## Work required
Among the entries below, extract exactly the lines that run from the one with "Kissojen Suomi /" through the one with "Sandalias de mujer", both ends included.
===== Data to use =====
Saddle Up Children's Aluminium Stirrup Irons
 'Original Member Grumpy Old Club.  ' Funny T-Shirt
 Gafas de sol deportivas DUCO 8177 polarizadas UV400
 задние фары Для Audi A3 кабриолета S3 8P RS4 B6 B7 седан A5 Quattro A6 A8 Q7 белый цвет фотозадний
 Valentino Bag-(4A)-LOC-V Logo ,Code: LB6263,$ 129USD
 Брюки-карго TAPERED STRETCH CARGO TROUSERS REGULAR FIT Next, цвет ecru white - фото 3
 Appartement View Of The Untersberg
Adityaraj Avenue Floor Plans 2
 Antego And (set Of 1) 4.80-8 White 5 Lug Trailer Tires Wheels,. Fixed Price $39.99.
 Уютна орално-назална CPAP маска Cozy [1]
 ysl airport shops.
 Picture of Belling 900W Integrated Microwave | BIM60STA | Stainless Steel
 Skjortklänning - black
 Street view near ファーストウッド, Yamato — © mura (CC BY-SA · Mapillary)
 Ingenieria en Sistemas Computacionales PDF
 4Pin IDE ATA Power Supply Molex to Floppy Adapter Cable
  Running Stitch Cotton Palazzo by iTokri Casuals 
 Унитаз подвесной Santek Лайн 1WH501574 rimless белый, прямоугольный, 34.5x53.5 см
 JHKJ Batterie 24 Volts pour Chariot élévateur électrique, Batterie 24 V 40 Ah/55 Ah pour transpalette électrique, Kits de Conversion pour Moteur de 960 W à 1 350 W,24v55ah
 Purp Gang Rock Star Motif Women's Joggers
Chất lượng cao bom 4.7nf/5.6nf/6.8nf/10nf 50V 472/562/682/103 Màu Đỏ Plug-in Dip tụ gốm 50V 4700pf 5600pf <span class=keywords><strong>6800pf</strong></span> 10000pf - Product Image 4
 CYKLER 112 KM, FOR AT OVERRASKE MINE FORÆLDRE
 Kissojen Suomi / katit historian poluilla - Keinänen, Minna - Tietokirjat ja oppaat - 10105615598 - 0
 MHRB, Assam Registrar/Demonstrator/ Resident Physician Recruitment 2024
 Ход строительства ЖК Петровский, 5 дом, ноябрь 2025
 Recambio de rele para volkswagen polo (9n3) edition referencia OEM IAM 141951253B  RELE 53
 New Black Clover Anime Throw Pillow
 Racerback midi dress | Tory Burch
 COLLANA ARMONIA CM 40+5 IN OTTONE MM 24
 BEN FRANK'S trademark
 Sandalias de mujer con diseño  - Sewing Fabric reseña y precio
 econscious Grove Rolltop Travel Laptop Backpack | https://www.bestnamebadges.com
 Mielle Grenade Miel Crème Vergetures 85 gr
=====
## Response area
 Kissojen Suomi / katit historian poluilla - Keinänen, Minna - Tietokirjat ja oppaat - 10105615598 - 0
 MHRB, Assam Registrar/Demonstrator/ Resident Physician Recruitment 2024
 Ход строительства ЖК Петровский, 5 дом, ноябрь 2025
 Recambio de rele para volkswagen polo (9n3) edition referencia OEM IAM 141951253B  RELE 53
 New Black Clover Anime Throw Pillow
 Racerback midi dress | Tory Burch
 COLLANA ARMONIA CM 40+5 IN OTTONE MM 24
 BEN FRANK'S trademark
 Sandalias de mujer con diseño  - Sewing Fabric reseña y precio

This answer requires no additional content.